Alors, qu’en est-il ?

Il est tout d’abord indispensable de se débarrasser de la notion erronée selon laquelle un document écrit est nécessairement et obligatoirement plus fiable et plus vraisemblable qu’une tradition orale transmise de bouche à bouche. Une chose n’est pas vraie simplement parce que « c’est écrit dans le journal », ni parce qu’elle figure sur Internet, ni même parce qu’elle a été détectée par l’IA, qui commet bien des bourdes avec une parfaite bonne conscience. Et elle n’est pas fausse simplement parce que ce n’est écrit nulle part, mais uniquement transmis d’abord par des témoins fiables et contemporains, puis par leurs descendants. L’histoire juive est évidemment le meilleur exemple d’une tradition orale ininterrompue (rappelons que lorsque les Juifs du Yémen, qui avaient été pratiquement isolés géographiquement depuis la période du début  de l’exil, ont été « redécouverts » par les autres communautés, les autorités rabbiniques ont été frappées par leur fidélité au judaïsme rabbinique traditionnel, malgré des siècles de séparation). Mais on trouve des transmissions orales extrêmement fidèles chez d’autres peuples, par exemple les griots d’Afrique de l’Ouest, les aborigènes d’Australie ou les Aïnous du Japon, qui ont tous transmis des textes oraux très longs avec une remarquable fidélité.

Mais plus encore que tout cela, et c’est un point qui ne semble pas avoir été soulevé, la plupart des textes portant sur Avraham ben Avraham mentionnent un lien entre lui et le Gaon de Vilna, lien qui varie effectivement selon les versions, mais que toutes semblent tenir pour acquis. Or, on n’invente pas de toutes pièces une histoire touchant à un personnage tel que le Gaon. Les critiques se sont étonnés non seulement qu’Avraham ne figure dans aucun écrit du Gaon (qui comptait ses mots et ne faisait pas de récits historiques !) ni dans ceux de ses élèves. Ne faut-il pas plutôt s’étonner de ce qu’aucun de ses élèves n’ait trouvé bon de nier des récits tout à fait légendaires, ni même de rétablir la vérité devant un récit un peu trop mythique ? Lorsqu’il s’agit de l’honneur d’un maître vénéré, si l’on ne constate aucune levée de boucliers, c’est probablement que “qui ne dit mot consent”. D’ailleurs, on rapporte que Rabbi Israël Méir ha-Kohen de Radin, ke célèbre ‘Hafets ‘Hayim, avait coutume de raconter à chaque fête de Chavouoth le martyre du guer tsédek. 
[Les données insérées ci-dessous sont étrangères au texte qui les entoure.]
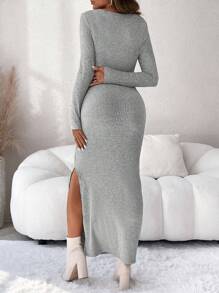 SHEIN 孕妇圆领长袖侧开衩紧身连衣裙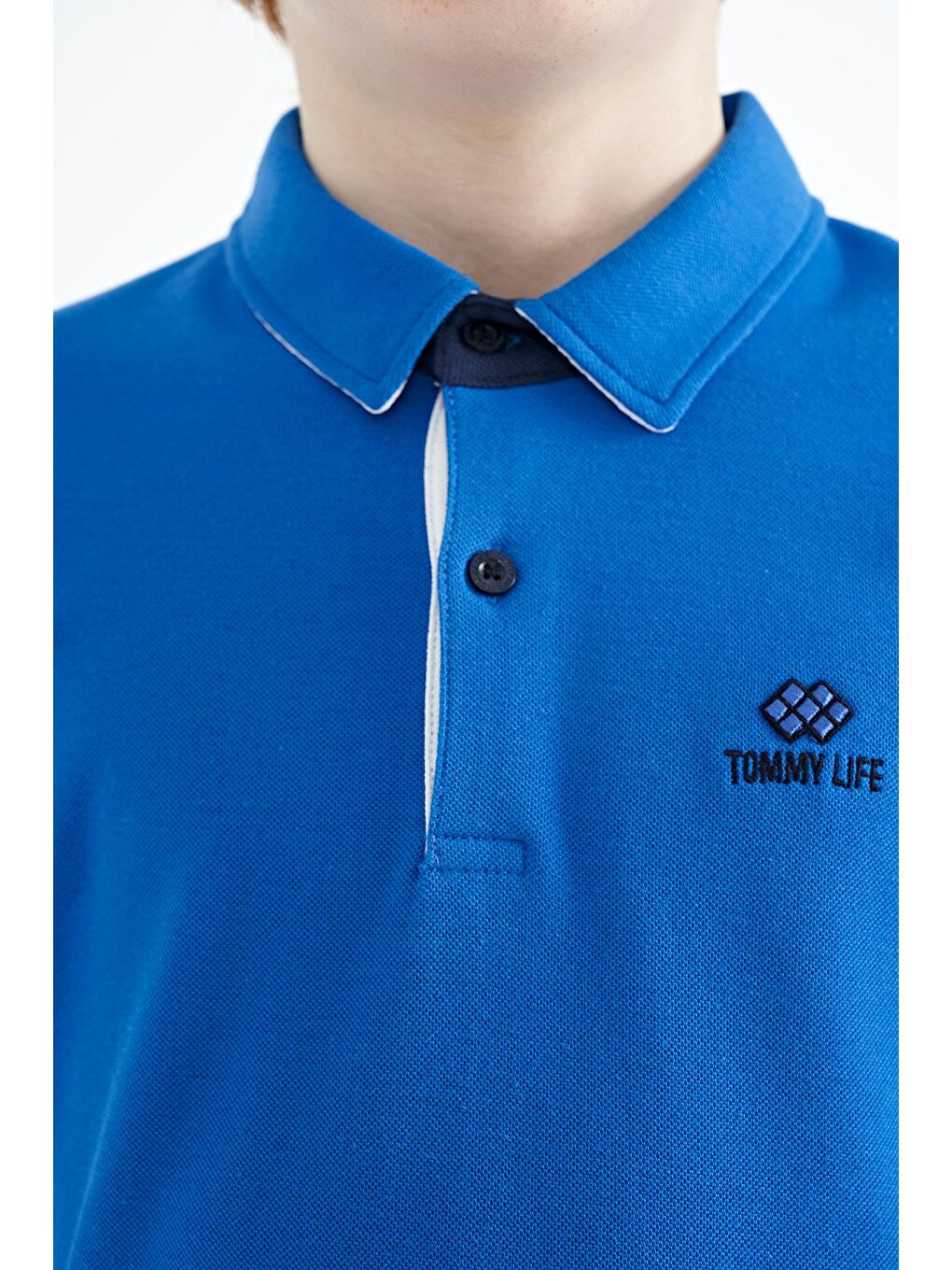 TOMMYLIFE Saks Logo Nakışlı Standart Kalıp Polo Yaka Erkek Çocuk T-Shirt - 11083 - 1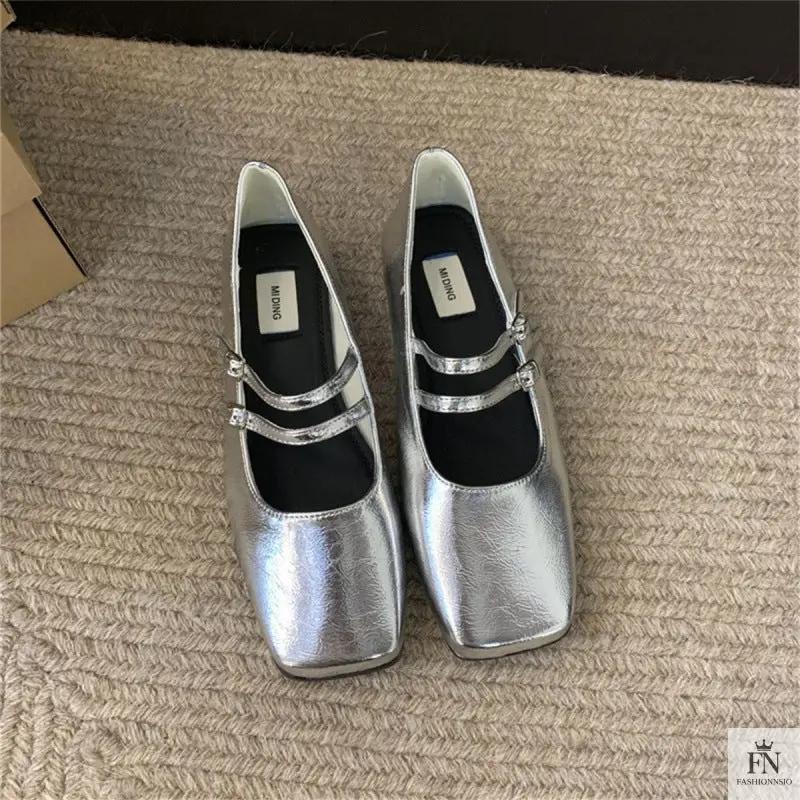 Square Toe Strap Women Flats - Fashionnsio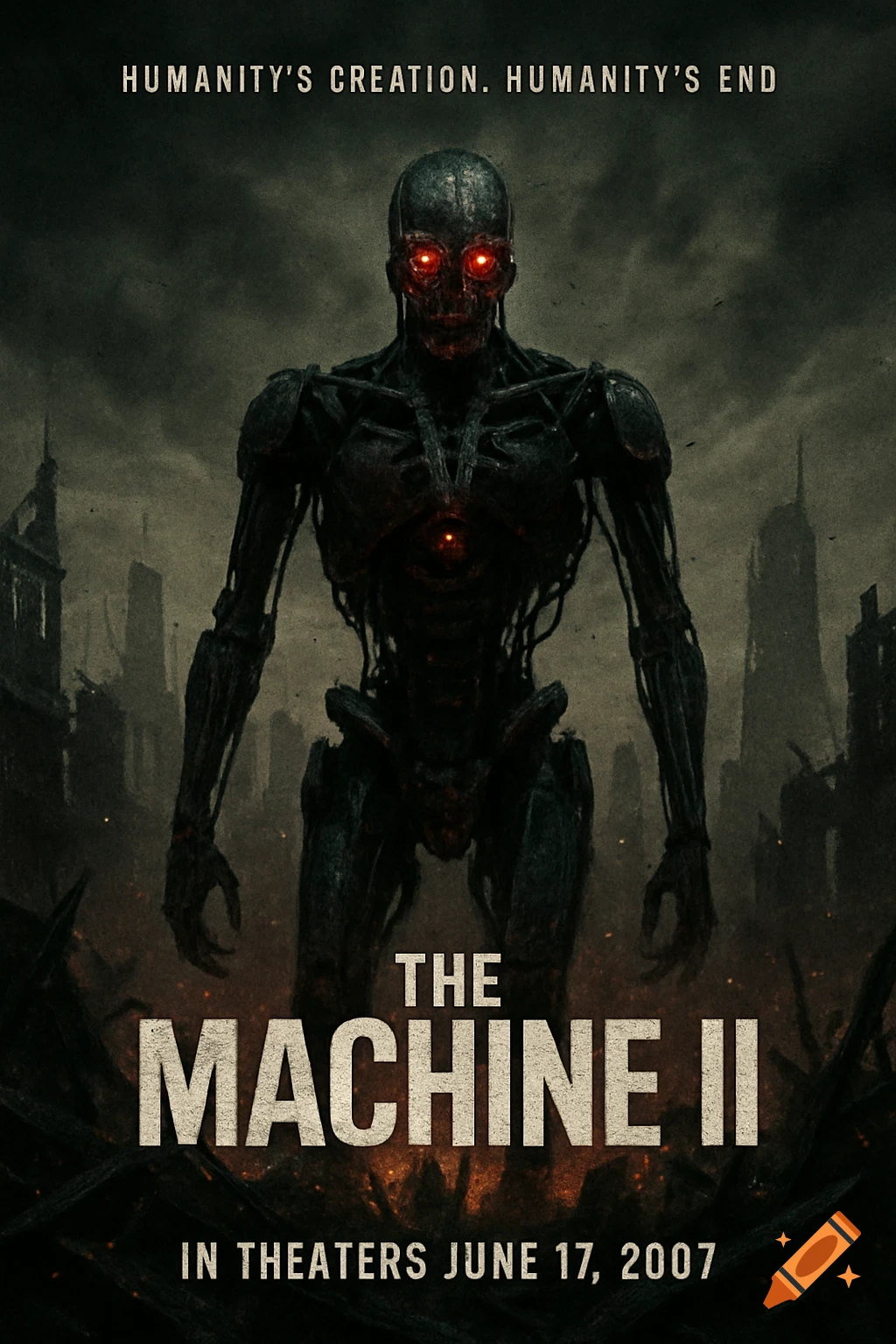 Dystopian movie poster for 'The Machine II' with a menacing, skeletal robot with glowing red eyes in a ruined city.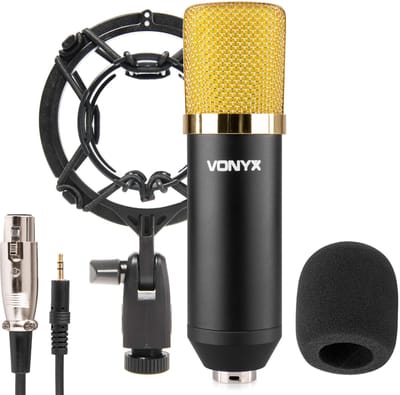 Studio microfoon voor pc of mixer - Vonyx CM400B - incl. shockmount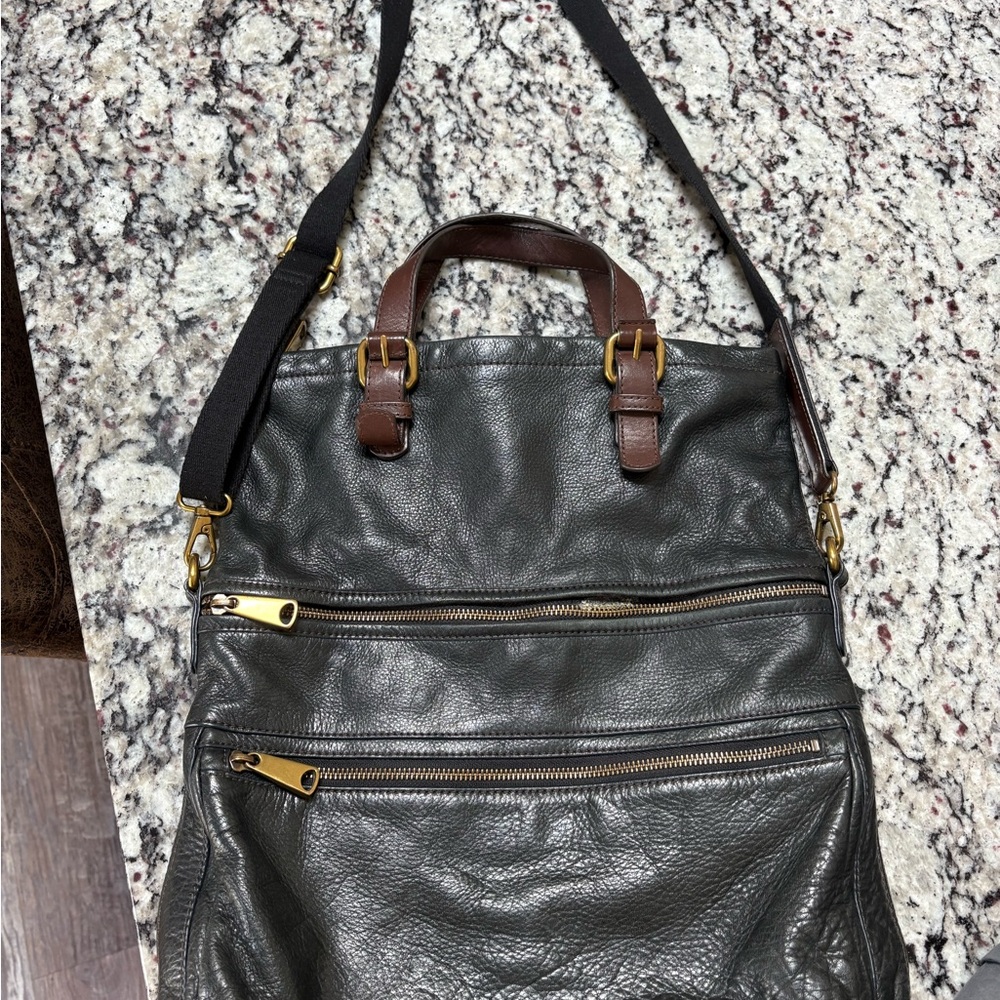 Fossil Black and Brown Leather Messenger Bag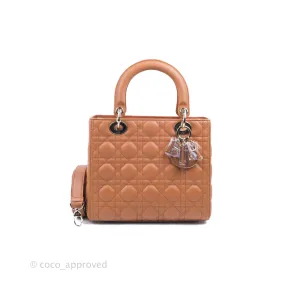 Christian Dior Medium Lady Dior Caramel Lambskin Gold Hardware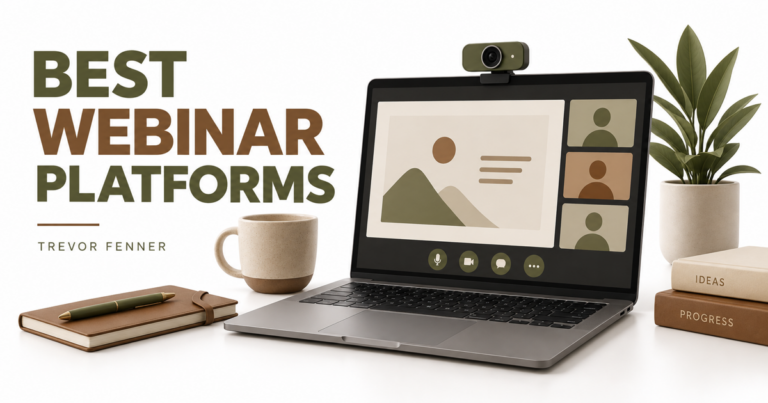 White and olive conceptual webinar cover with laptop, webcam and abstract presentation tiles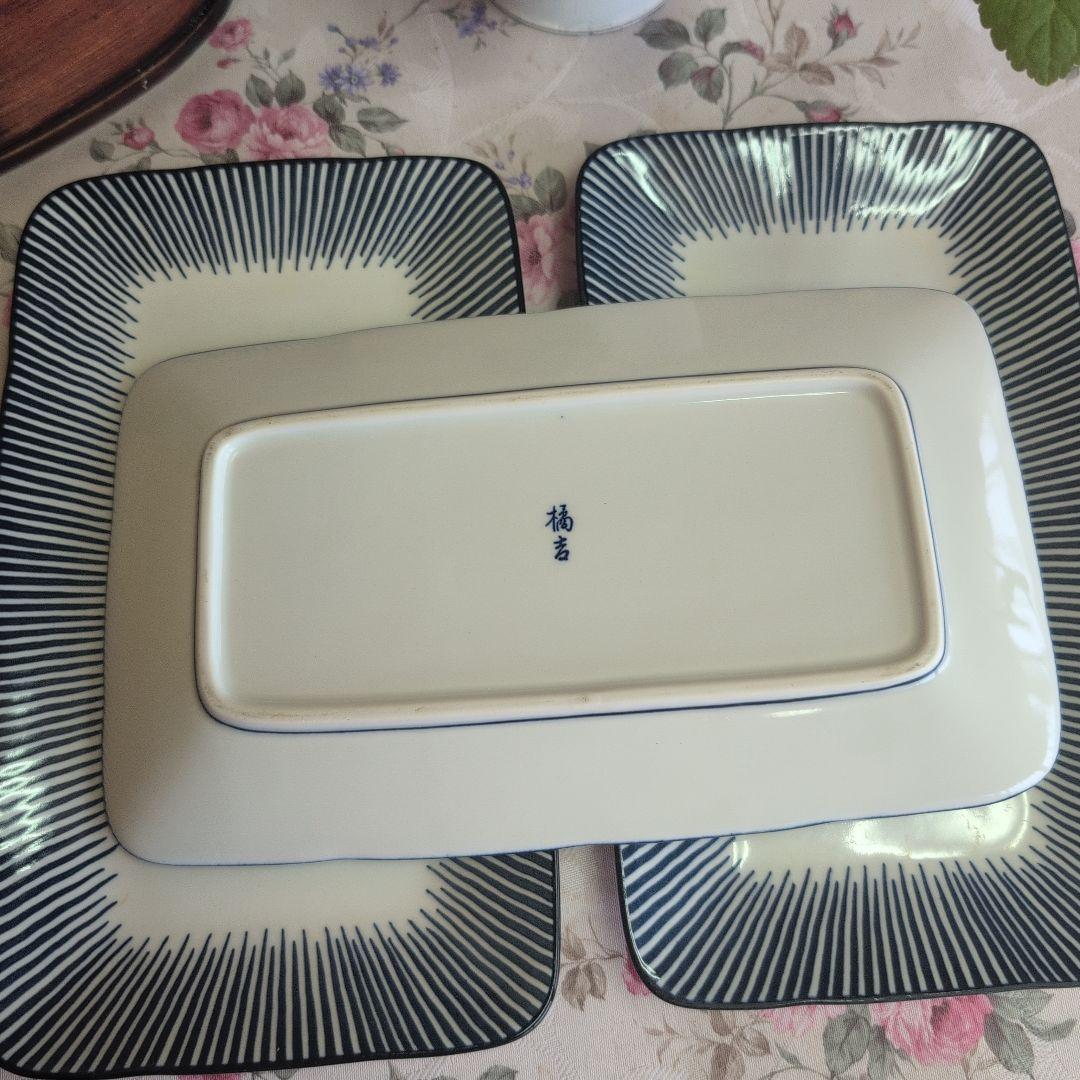 橘吉 皿 3枚セット 長角皿 十草模様 — image 3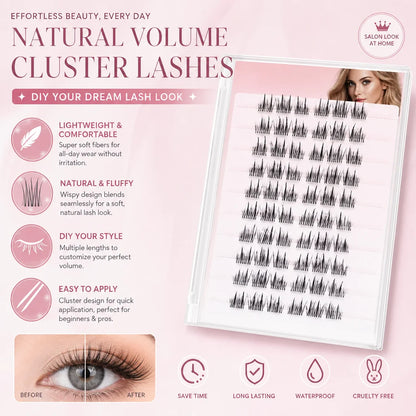 Flared Glue-Free Cluster Lashes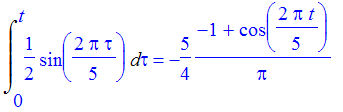 Int(1/2*sin(2/5*Pi*tau),tau = 0 .. t) = -5/4*(-1+cos(2/5*Pi*t))/Pi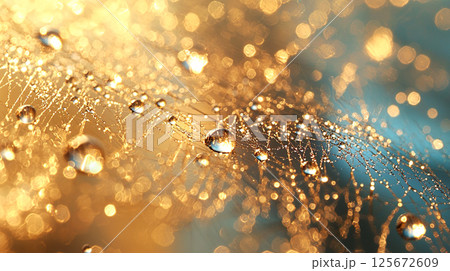 金色に輝く水滴のついた蜘蛛の巣のような模様の背景 125672609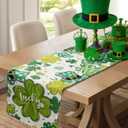 St Patrick's Day Table Runner Linen Farmhouse Country Table Runners 72 Inches Long for Dining Table Decor, Kitchen,Party (13"x71")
Alors en fin de compte, allégorie ou vérité ? Il est plus que probable qu’un noble polonais s’appelant Poto-quelque chose se soit converti au judaïsme dans ke courant du XVIIIe siecle. Il est très vraisemblable qu’il ait pris le nom d’Avraham et, si en réalité il en avait pris un autre, qu’importe ? Avraham est un nom qui a une valeur générique. Malheureusement, il est aussi plus que probable qu’il ait été pourchassé et mis à mort par les autorités ecclésiastiques, rejoignant en cela des dizaines de milliers d’autres Juifs qui ont préféré le bûcher à l’apostasie. Et il est touchant que la mémoire populaire ait non seulement conservé son souvenir, mais l’ait lié indissolublement à celui du plus grand maître de sa génération. Tous les autres détails sont probablement pure invention, et l’histoire est assez forte en elle-même pour pouvoir se passer de fioritures.

Dans cet esprit, terminons par un enseignement qui, en réalité, figure dans de nombreux commentaires classiques (Midrach Tan’houma, Rachi sur ‘Avodah Zarah 2b, Le Kouzari), mais qui a été attribué dans la foulée à Avraham ben Avraham. On ne prête qu’aux riches, et après tout son souvenir est lié à la fête de Chavouoth ! Le Midrach rapporte qu’avant de donner la Torah à Israël, D.ieu s’est d’abord adressé aux autres peuples, qui l’ont tous refusée, estimant qu’elle allait à l’encontre de leurs tendances naturelles. Les Benei Israël, quant à eux, l’ont acceptée les yeux fermés et sans même s’enquérir de son contenu. Avraham aurait enseigné (après beaucoup d’autres maîtres…) qu’il est impossible que la totalité des populations non-juives l’aient refusée, ni que la totalité des Juifs l’ait acceptée sans aucune réticence. Les Juifs qui l’avaient refusée ont fini (eux ou leurs descendants) par s’assimiler à d’autres peuples, alors que les non-juifs qui l’avaient acceptée en leur cœur ont bénéficié à travers les siècles d’une Main providentielle qui les guide vers elle.